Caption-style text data

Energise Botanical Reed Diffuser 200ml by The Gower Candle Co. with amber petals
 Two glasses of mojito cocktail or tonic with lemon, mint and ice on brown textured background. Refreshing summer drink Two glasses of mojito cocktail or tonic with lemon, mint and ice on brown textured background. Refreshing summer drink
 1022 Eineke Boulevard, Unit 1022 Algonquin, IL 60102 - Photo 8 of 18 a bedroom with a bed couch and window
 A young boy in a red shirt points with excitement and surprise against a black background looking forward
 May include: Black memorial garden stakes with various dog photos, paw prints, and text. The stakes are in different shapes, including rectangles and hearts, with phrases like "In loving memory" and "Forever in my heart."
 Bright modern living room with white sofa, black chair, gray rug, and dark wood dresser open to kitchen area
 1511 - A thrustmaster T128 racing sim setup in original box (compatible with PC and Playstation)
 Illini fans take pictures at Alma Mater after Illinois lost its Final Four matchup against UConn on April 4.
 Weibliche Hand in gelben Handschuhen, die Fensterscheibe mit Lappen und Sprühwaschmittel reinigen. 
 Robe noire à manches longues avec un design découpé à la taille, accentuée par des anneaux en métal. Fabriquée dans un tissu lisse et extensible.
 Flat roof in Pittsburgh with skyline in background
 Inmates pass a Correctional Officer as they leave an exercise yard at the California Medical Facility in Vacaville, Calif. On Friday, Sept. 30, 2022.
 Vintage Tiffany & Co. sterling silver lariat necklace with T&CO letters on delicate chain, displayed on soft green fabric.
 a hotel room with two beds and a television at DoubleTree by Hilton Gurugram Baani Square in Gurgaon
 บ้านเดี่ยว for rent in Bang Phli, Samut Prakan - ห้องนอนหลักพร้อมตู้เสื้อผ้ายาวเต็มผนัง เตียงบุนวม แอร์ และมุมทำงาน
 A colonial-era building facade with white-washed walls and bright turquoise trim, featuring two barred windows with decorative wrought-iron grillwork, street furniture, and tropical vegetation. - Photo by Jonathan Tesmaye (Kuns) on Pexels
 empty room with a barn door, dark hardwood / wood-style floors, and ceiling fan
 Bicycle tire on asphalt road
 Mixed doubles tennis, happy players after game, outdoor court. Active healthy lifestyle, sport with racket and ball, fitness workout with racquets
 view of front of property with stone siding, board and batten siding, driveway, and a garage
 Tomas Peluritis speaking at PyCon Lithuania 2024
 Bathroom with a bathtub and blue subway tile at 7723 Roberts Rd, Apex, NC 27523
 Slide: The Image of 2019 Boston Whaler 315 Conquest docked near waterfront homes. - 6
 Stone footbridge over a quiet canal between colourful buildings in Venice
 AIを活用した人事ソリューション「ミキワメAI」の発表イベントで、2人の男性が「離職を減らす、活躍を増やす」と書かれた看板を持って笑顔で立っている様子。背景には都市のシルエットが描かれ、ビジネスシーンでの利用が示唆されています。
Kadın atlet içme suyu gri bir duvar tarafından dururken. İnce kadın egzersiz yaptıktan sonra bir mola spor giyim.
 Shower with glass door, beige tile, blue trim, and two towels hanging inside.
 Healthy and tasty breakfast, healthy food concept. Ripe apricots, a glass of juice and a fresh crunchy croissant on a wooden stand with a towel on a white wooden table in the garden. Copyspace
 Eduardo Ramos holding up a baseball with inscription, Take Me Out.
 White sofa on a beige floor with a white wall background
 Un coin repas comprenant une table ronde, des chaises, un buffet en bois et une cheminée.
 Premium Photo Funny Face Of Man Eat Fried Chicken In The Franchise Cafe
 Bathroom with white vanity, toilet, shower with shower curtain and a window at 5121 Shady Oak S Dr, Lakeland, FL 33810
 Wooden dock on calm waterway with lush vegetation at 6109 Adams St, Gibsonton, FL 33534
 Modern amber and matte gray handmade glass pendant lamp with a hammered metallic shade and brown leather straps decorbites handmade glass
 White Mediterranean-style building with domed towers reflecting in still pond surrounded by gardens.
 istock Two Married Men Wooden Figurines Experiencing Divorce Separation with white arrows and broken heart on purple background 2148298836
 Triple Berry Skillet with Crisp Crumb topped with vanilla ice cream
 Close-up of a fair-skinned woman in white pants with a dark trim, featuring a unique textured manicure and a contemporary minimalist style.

**What is needed**: The exact wording of every entry above should be written out again.

**Response below**:
Energise Botanical Reed Diffuser 200ml by The Gower Candle Co. with amber petals
 Two glasses of mojito cocktail or tonic with lemon, mint and ice on brown textured background. Refreshing summer drink Two glasses of mojito cocktail or tonic with lemon, mint and ice on brown textured background. Refreshing summer drink
 1022 Eineke Boulevard, Unit 1022 Algonquin, IL 60102 - Photo 8 of 18 a bedroom with a bed couch and window
 A young boy in a red shirt points with excitement and surprise against a black background looking forward
 May include: Black memorial garden stakes with various dog photos, paw prints, and text. The stakes are in different shapes, including rectangles and hearts, with phrases like "In loving memory" and "Forever in my heart."
 Bright modern living room with white sofa, black chair, gray rug, and dark wood dresser open to kitchen area
 1511 - A thrustmaster T128 racing sim setup in original box (compatible with PC and Playstation)
 Illini fans take pictures at Alma Mater after Illinois lost its Final Four matchup against UConn on April 4.
 Weibliche Hand in gelben Handschuhen, die Fensterscheibe mit Lappen und Sprühwaschmittel reinigen. 
 Robe noire à manches longues avec un design découpé à la taille, accentuée par des anneaux en métal. Fabriquée dans un tissu lisse et extensible.
 Flat roof in Pittsburgh with skyline in background
 Inmates pass a Correctional Officer as they leave an exercise yard at the California Medical Facility in Vacaville, Calif. On Friday, Sept. 30, 2022.
 Vintage Tiffany & Co. sterling silver lariat necklace with T&CO letters on delicate chain, displayed on soft green fabric.
 a hotel room with two beds and a television at DoubleTree by Hilton Gurugram Baani Square in Gurgaon
 บ้านเดี่ยว for rent in Bang Phli, Samut Prakan - ห้องนอนหลักพร้อมตู้เสื้อผ้ายาวเต็มผนัง เตียงบุนวม แอร์ และมุมทำงาน
 A colonial-era building facade with white-washed walls and bright turquoise trim, featuring two barred windows with decorative wrought-iron grillwork, street furniture, and tropical vegetation. - Photo by Jonathan Tesmaye (Kuns) on Pexels
 empty room with a barn door, dark hardwood / wood-style floors, and ceiling fan
 Bicycle tire on asphalt road
 Mixed doubles tennis, happy players after game, outdoor court. Active healthy lifestyle, sport with racket and ball, fitness workout with racquets
 view of front of property with stone siding, board and batten siding, driveway, and a garage
 Tomas Peluritis speaking at PyCon Lithuania 2024
 Bathroom with a bathtub and blue subway tile at 7723 Roberts Rd, Apex, NC 27523
 Slide: The Image of 2019 Boston Whaler 315 Conquest docked near waterfront homes. - 6
 Stone footbridge over a quiet canal between colourful buildings in Venice
 AIを活用した人事ソリューション「ミキワメAI」の発表イベントで、2人の男性が「離職を減らす、活躍を増やす」と書かれた看板を持って笑顔で立っている様子。背景には都市のシルエットが描かれ、ビジネスシーンでの利用が示唆されています。
Kadın atlet içme suyu gri bir duvar tarafından dururken. İnce kadın egzersiz yaptıktan sonra bir mola spor giyim.
 Shower with glass door, beige tile, blue trim, and two towels hanging inside.
 Healthy and tasty breakfast, healthy food concept. Ripe apricots, a glass of juice and a fresh crunchy croissant on a wooden stand with a towel on a white wooden table in the garden. Copyspace
 Eduardo Ramos holding up a baseball with inscription, Take Me Out.
 White sofa on a beige floor with a white wall background
 Un coin repas comprenant une table ronde, des chaises, un buffet en bois et une cheminée.
 Premium Photo Funny Face Of Man Eat Fried Chicken In The Franchise Cafe
 Bathroom with white vanity, toilet, shower with shower curtain and a window at 5121 Shady Oak S Dr, Lakeland, FL 33810
 Wooden dock on calm waterway with lush vegetation at 6109 Adams St, Gibsonton, FL 33534
 Modern amber and matte gray handmade glass pendant lamp with a hammered metallic shade and brown leather straps decorbites handmade glass
 White Mediterranean-style building with domed towers reflecting in still pond surrounded by gardens.
 istock Two Married Men Wooden Figurines Experiencing Divorce Separation with white arrows and broken heart on purple background 2148298836
 Triple Berry Skillet with Crisp Crumb topped with vanilla ice cream
 Close-up of a fair-skinned woman in white pants with a dark trim, featuring a unique textured manicure and a contemporary minimalist style.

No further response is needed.